Op onregelmatige basis recenseer ik nieuw verschenen CDs voor Tijdschrift de Klarinet. Exact een jaar geleden recenseerde ik het album Reto Bieri en Meta4 – Quasi Morendo.
De weinige klassieke CDs die nog verschijnen zijn vaak allegaartjes. Neem een recent aangeschaft album uit je kast, werp een blik op de achterkant en er bestaat een grote kans dat je maar met moeite de samenhang in de speellijst kunt ontwaren. Dat heeft alles te maken met de veranderende functie van de CD. Niet langer is het een op zichzelf staand product, maar het verwijst vaker naar iets anders: het is het auditieve visitekaartje van de persoon of het ensemble dat erop speelt. Albums zijn voor veel musici geen reële bron van inkomsten, maar meer een manier om zichzelf onder de aandacht te brengen bij het publiek. De programmering is dus vaker een proeve van bekwaamheid van de musicus dan een doordacht verhaal.
De veranderende markt leidt ook tot een verschuiving in het soort CDs dat wordt gemaakt. Des te leuker is het wanneer er nog klassieke albums verschijnen waar overduidelijk heel goed over nagedacht is. Quasi Morendo is zo’n album, onlangs verschenen op het prestigieuze label ECM, met de Zwitserse klarinettist Reto Bieri en het Finse strijkkwartet Meta4. Het is de derde keer dat Bieri verschijnt op ECM, na zijn eerste solo-album getiteld Contrechant. Het ‘quasi morendo’ uit de titel is op een razend knappe manier vervlochten met de opzet van het album. In alle drie de opgenomen werken komt een element terug van het Italiaanse ‘bijna dood’ uit de titel, en ook de overkoepelende spanningsboog van de CD is een verklankt uitsterven.
Dit begint al bij Let Me Die Before I Wake (1982) voor soloklarinet, geschreven door de autodidactische zeventiger Salvatore Sciarrino: de titel is afkomstig van een boek van Derek Humphry, blijkbaar een Amerikaanse voorvechter van het recht op euthanasie. In het stuk worden ijle multiphonics in lange lijnen aan elkaar geregen. Dat is knap, want multiphonics heeft bij uitstek de neiging om door componisten als ‘nieuwigheid’ te worden gebruikt, zonder muzikaal echt interessant te worden. De gevoelige interpretatie van Bieri, die in het verleden studeerde bij François Benda en Charles Neidich, is hier ongetwijfeld ook debet aan.
Vervreemdend, maar niet onaangenaam is het om vanuit Sciarrino in het zwoele openingsduet van de twee violen uit Johannes Brahms’ klarinetkwintet opus 115 te belanden. Op 57-jarige leeftijd schreef Brahms het werk, in de herfst van zijn componistencarrière en op het punt om te gaan rentenieren. Toen ontmoette hij echter de getalenteerde klarinettist Richard Mühlfeld, voor wie hij alsnog aan de slag toog.
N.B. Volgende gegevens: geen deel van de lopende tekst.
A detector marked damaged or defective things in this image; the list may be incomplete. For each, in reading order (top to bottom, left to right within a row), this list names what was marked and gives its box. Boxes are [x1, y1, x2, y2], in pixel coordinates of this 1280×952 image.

In het begeleidend schrijven wordt het kwintet vrij pathetisch omschreven als Brahms’ ‘zwanenzang’. Muzikaal valt hier echter best wat voor te zeggen: de thema’s die in het kwintet worden uitgewerkt komen niet tot een pointe of een climax, maar worden veeleer ontmanteld, een op zwanenzang uitgestrekt over vier delen: wederom op zijn eigen manier een heus ‘quasi morendo’. De uitvoering kenmerkt zich door grote dynamische verschillen en een frisse interpretatie die nergens overdreven aandoet: de valkuil van het sentiment waar veel Brahms-interpreten intrappen.
Als afsluiter zetten Bieri en Meta4 hun samenspel voort in Nebenstück (1998) van Gérard Pesson, dat de ondertitel Filtrage de la Ballade Opus 10/4 de Johannes Brahms draagt. Het is een vreemde postmoderne interpretatie van het werk van Brahms, die doet denken aan de her-interpretaties van componisten als Hans Zender en Luciano Berio. Alsof je van buiten de concertzaal een paar flarden muziek opvangt, net luid genoeg om het stuk te herkennen. Een bevreemdend effect dat in dit stuk maar matig uit de verf komt, maar ook hier perfect aansluitend op het thema van de CD.
Quasi Morendo is een erg geslaagde CD, die laat zien dat een goed doordacht programma voor een CD nog steeds kan bestaan. De artiesten en ECM gaan bovendien in tegen de hokjestyrannie waar veel programmeurs – zeker in de klassiekemuziekwereld – zich door laten leiden. Het laat zien dat moderne muziek geworteld is in de klassieken, en andersom nodigt het uit tot een frisse herbeluistering van het ijzeren repertoire. Als je dat klaar kunt spelen, dan is je missie geslaagd.